Often, telling comes in the form of a poorly asked question. Consider these two examples:

  • Do you have a safety program?
  • Can you explain your safety program?

The first is a closed question seeking a yes/no response that doesn’t spark conversation. The second is an open-ended inquiry that creates room for a response and doesn’t reflect any preconceptions.

What Are the Challenges? 

Status, rank and role boundaries can inhibit the practice of humble inquiry.

Consider a typical structure in a manufacturing plant. There is a plant manager, who resides at the top of the organizational structure, with a safety manager then production workers below on the organization chart. While each person has specific responsibilities, their jobs are interdependent and they’re all working toward the same goals and objectives.

However, production workers are those closest to the output. The safety manager and plant manager may not be around the manufacturing process each day. That’s why it’s so important to involve production workers in discussions about work design, safety and culture, and help find ways to help them feel comfortable sharing questions with senior management.

“You can see some pretty scary outcomes when people don't feel empowered to speak up,” Lertkantitham adds.

In a facility that embraces humble inquiry, workers will be more inclined to bring up concerns —this is where the practice can drive culture change, Turro says.

How Can We Overcome Those Challenges?

There are two primary ways to overcome barriers to humble inquiry:

1. Build personal rapport. Ask everyone from executive leaders to baseline workers how they are. Learn about their families. Take in as many context clues as you can, like what’s on the walls of their office or the sports logo on their hat. Find common ground where you can bond.

Thomas Bosquez, safety specialist at Ferguson Enterprises, offers this example. There are often language barriers in his workplace, but he strives to connect on a personal level with workers. During a recent conversation, a production worker told Bosquez about a problem he wouldn’t otherwise have seen. Left unaddressed, this issue could have impacted worker safety.

“Without that camaraderie and communication, that could have never happened,” he says.

2. Practice “here-and-now humility.” When you adopt a humble inquiry approach, you tell the other person they know something you don’t or can do something you can’t. That is humbling.
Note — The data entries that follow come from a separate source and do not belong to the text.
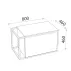 Set dulap baza suspendat Rune Snorri 1 sertar 80 cm si blat cu finisaj negru-lemn picture - 4
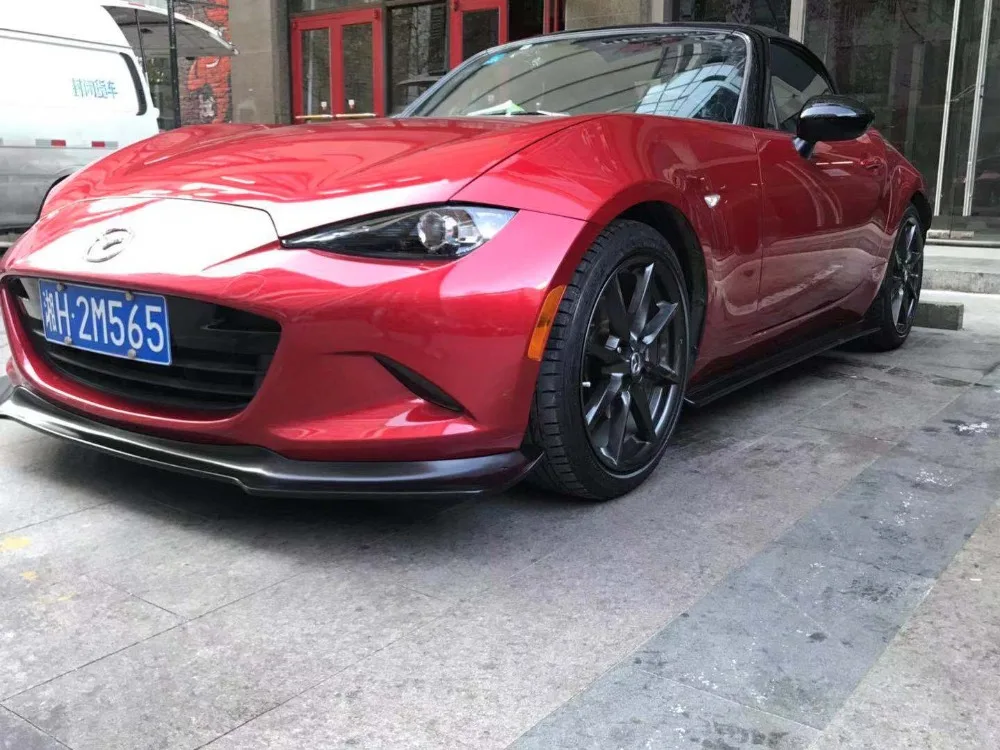 Для Mazda MX5 ND5RC родстер Miata RB стиль стекло волокно Передняя уплотнительная прокладка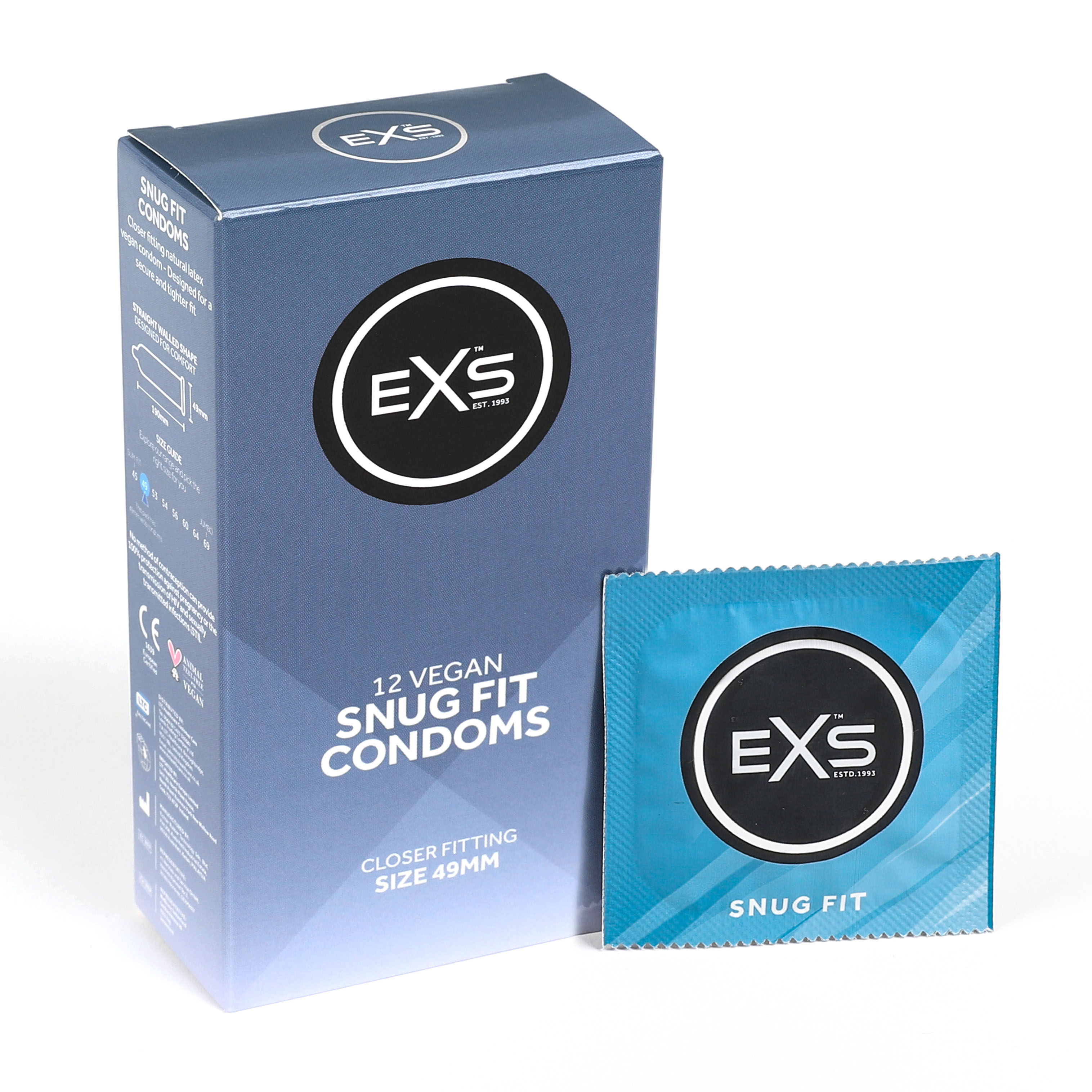 EXS Snug Fit 49mm condoms (12pcs)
While this can be challenging at times, this approach signals the “importance and interdependence we have on each other to get the job done at the end of the day,” Turro says.

By adopting this perspective, safety professionals can better manage increasing cultural diversity, identify needs for collaboration among interdependent work units, and create the relationships and climate that will promote the open communication needed for safe and effective task performance.

Safety professionals also need to recognize that they must invest in mastering humble inquiry.

“This is an art,” Lertkantitham says. “This is not something that's going to be developed overnight and it will definitely require practice and reflection.”